BEGIN

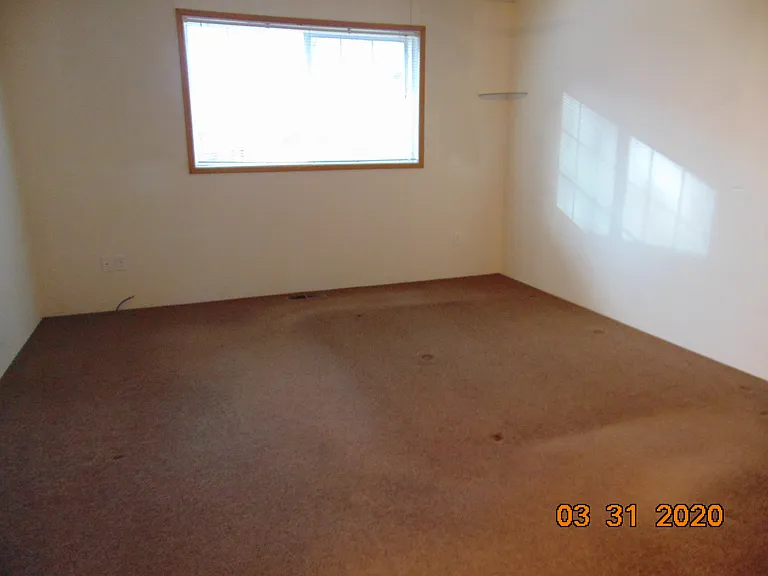 1012 S Shasta Ave — Photo 6
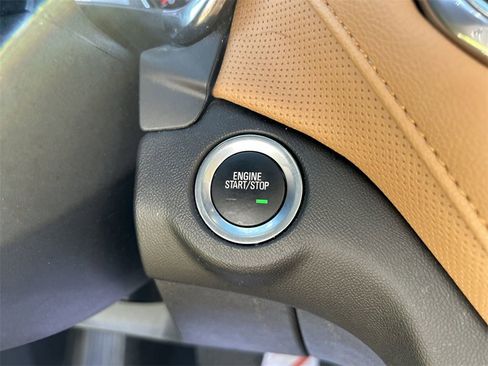 Used 2020 Chevrolet Equinox Premier image 41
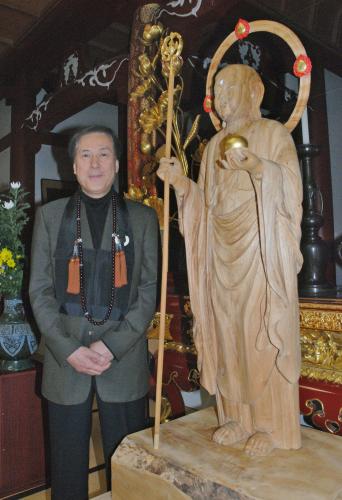 震災犠牲者の供養のために地蔵菩薩像を制作した俳優の滝田栄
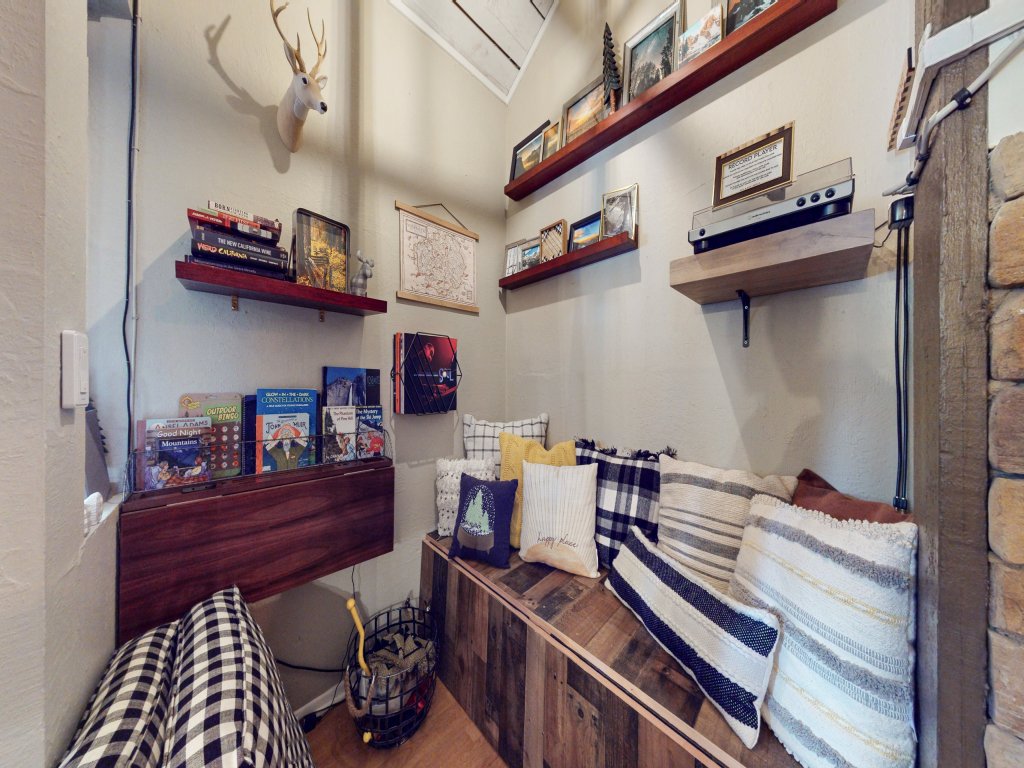 Bigwood 41 Cozy Mountain Cabin, Private Washer Dryer, 1 mile to Eagle Lodge Vacation Rental in Mammoth Lakes - RedAwning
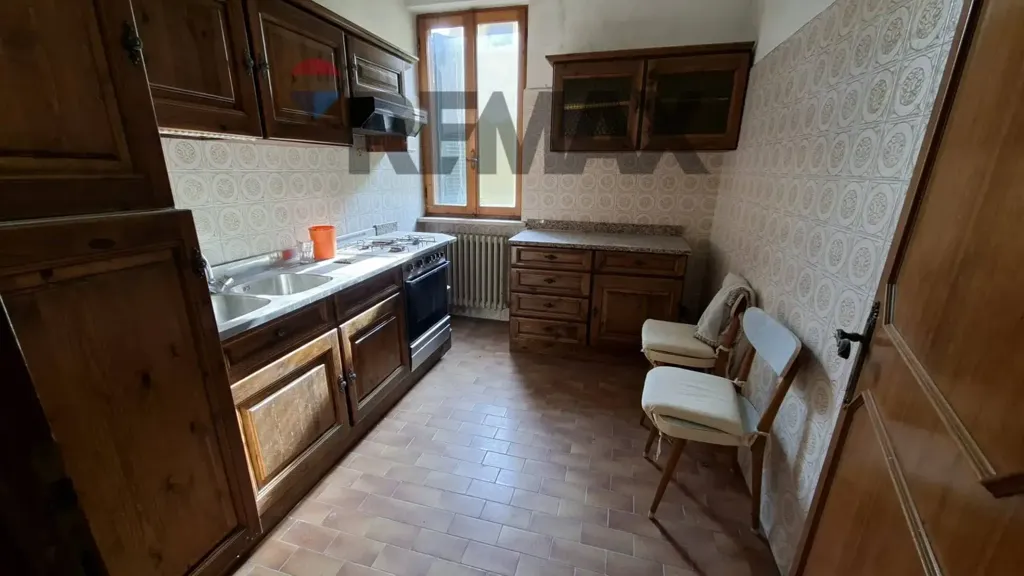Cucina - Appartamento al piano terra con balcone nel centro storico di Ranzanico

END

Everything from the line with "震災犠牲者の供養のために地蔵菩薩像を制作した俳優の滝田栄" through the end of the records above, both ends included, is to be reproduced exactly, and nothing outside that span; the pictures are to be dropped.

#### [WRITTEN REPLY]
 震災犠牲者の供養のために地蔵菩薩像を制作した俳優の滝田栄
 Bigwood 41 Cozy Mountain Cabin, Private Washer Dryer, 1 mile to Eagle Lodge Vacation Rental in Mammoth Lakes - RedAwning
Cucina - Appartamento al piano terra con balcone nel centro storico di Ranzanico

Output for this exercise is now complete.